Create a Docker Image and deploy it on Google Cloud as a Cron Job by using R

15 minute read

Introduction

When you share your code with other people, it may not immediately work on their machine. They haven’t installed certain packages, they have a different R version or maybe another operating system. These issues are called dependency problems. Basically, one system needs another system in order to function properly, in the same way that one package needs the installation of other packages to function properly.

This is where Docker comes in. Docker solves all reproducibility and dependency problems.

Gratitude

First of all, I would like to express my gratitude to Michał Ludwicki. I had some difficulties setting up the googleCloudRunner package, and he created an entire github repo with examples just to show me how it works! In addition, he spent an hour with me on Skype. Thanks dude, you are great :)

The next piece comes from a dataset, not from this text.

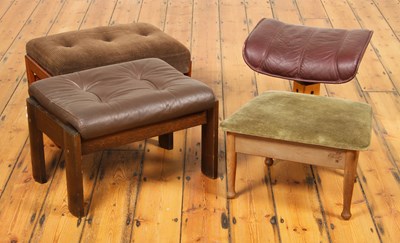 Lot 777 - Four various foot stools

Also, I would like to thank Mark Edmondson for creating the fabulous googleCloudRunner package.

Index

In this tutorial, you will learn:

  • Why Docker is awesome
  • How to create a Google Cloud project
  • How to activate APIs on Google Cloud
  • How to create credentials: API Keys, OAuth client ID and Service Accounts
  • How to connect to Google Big Query by using R in a non-interactive session
  • How to configure docker
  • How to run an existing docker container
  • How to create a docker image
  • How to run a newly created docker container
  • How to deploy a docker image on Google Cloud
  • How to configure the GoogleCloudRunner package
  • How to create a cloud build by using a docker image
  • How to schedule a cron job by using a cloud build

Docker

A docker container is like a machine that contains the instructions to run your code (which packages to install, which files to read, which scripts to run, etc.). No matter where you run your docker container, the instructions will ALWAYS be the same, so your container will always run properly.

This offers many advantages:

  • Shareability: you can share your container with whomever you want and it will run flawlessly on their machine.
  • Portability: you can create a container in your machine and run it in the cloud.
  • Scalability: you can scale your container as much as you want.
  • Reproducibility: As the dependencies are defined inside of the container, it will always run in the same way no matter the machine.
  • Language-agnostic: docker containers work with any language and can contain multiple languages. In addition, other people can easily integrate your container in their code, even if they are using another language. For instance, this comes handy if you have developed a machine learning model in R, but the production team uses Python.

Docker Image Vs. Docker Container

If you are familiar with object oriented programming, a docker image is like a class, whereas a docker container is an instance of that class. In summary, a docker container is an instance of a docker image. As a consequence, in order to run a docker container, you first need to create a docker image.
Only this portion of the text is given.